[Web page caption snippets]
⁂

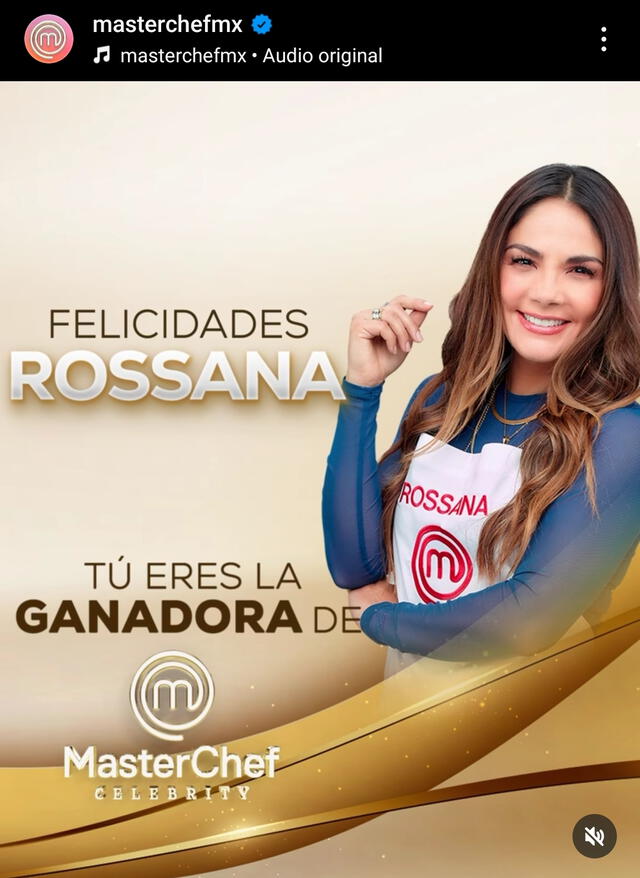 Rossana Najera se llevó la victoria y consigo lleva su trofeo y el millón de pesos. Foto: Instagram masterchefmx   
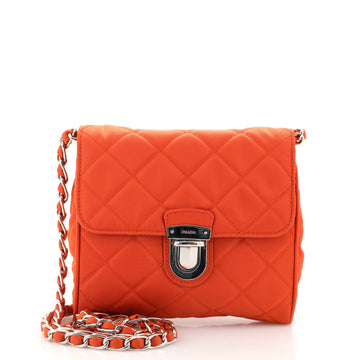 Prada Pushlock Chain Flap Bag Quilted Tessuto Mini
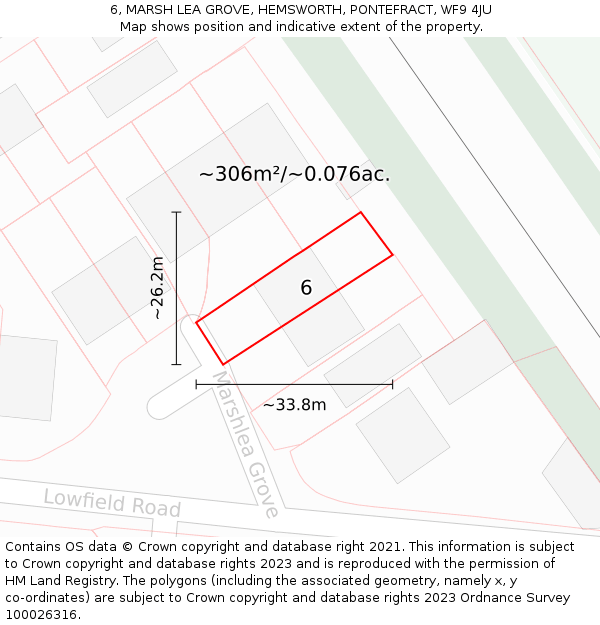 6, MARSH LEA GROVE, HEMSWORTH, PONTEFRACT, WF9 4JU: Plot and title map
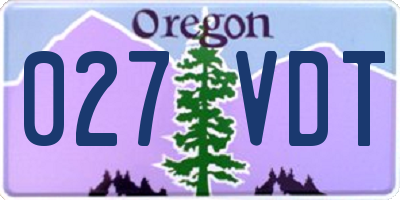 OR license plate 027VDT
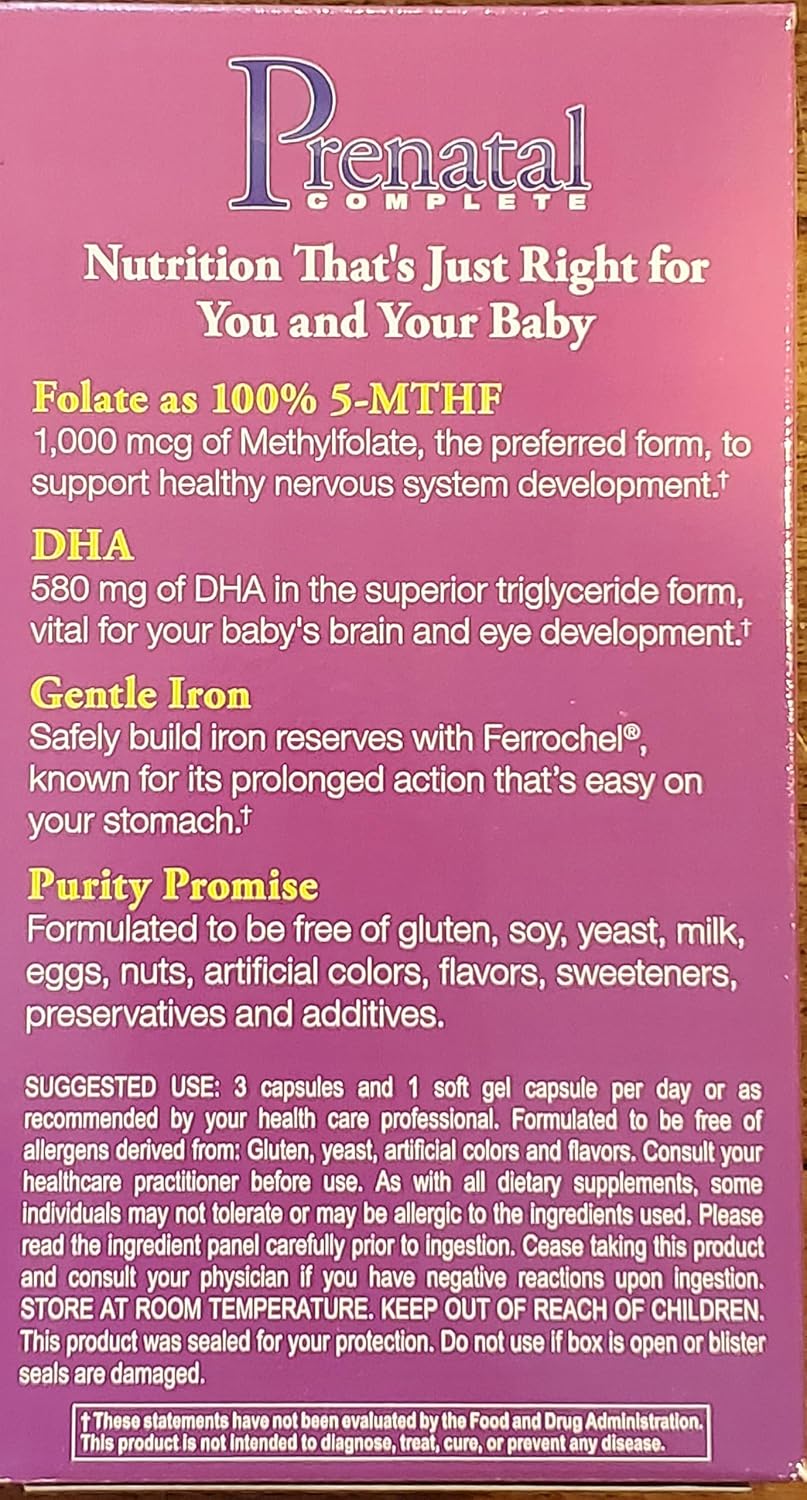 Prenatal Complete with DHA by Ortho Molecular Products for Optimal Pregnancy Nutrition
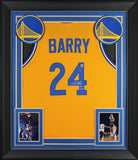 Rick Barry "HOF 1987" Authentic Signed Yellow Pro Style Framed Jersey BAS Wit
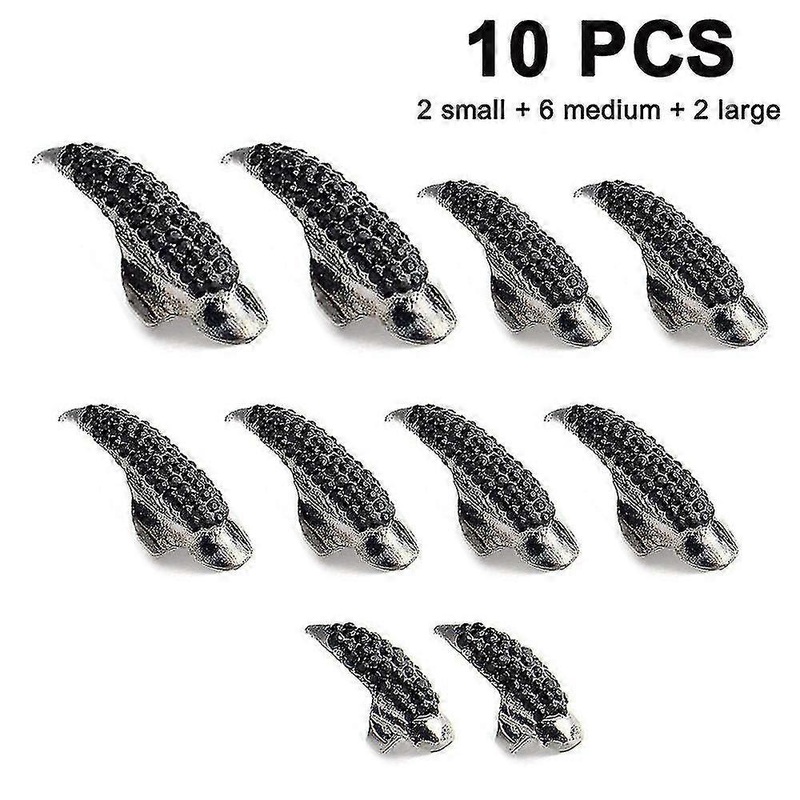 Set Of 10 Punk Style Eagle Claw Ring Jewelry False Nail Retro Clear Crystal Talon Finger Ring Knuckle Bend Fingertip Claw For Cosplay Paty (Gold/Black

⁂

• [WHAT YOU NEED TO DO]: Drop the images; return the entries above exactly as they appear.

• [RESULT BELOW]:
 Rossana Najera se llevó la victoria y consigo lleva su trofeo y el millón de pesos. Foto: Instagram masterchefmx   
 Prada Pushlock Chain Flap Bag Quilted Tessuto Mini
 6, MARSH LEA GROVE, HEMSWORTH, PONTEFRACT, WF9 4JU: Plot and title map
 OR license plate 027VDT
 Prenatal Complete with DHA by Ortho Molecular Products for Optimal Pregnancy Nutrition
 Rick Barry "HOF 1987" Authentic Signed Yellow Pro Style Framed Jersey BAS Wit
 Set Of 10 Punk Style Eagle Claw Ring Jewelry False Nail Retro Clear Crystal Talon Finger Ring Knuckle Bend Fingertip Claw For Cosplay Paty (Gold/Black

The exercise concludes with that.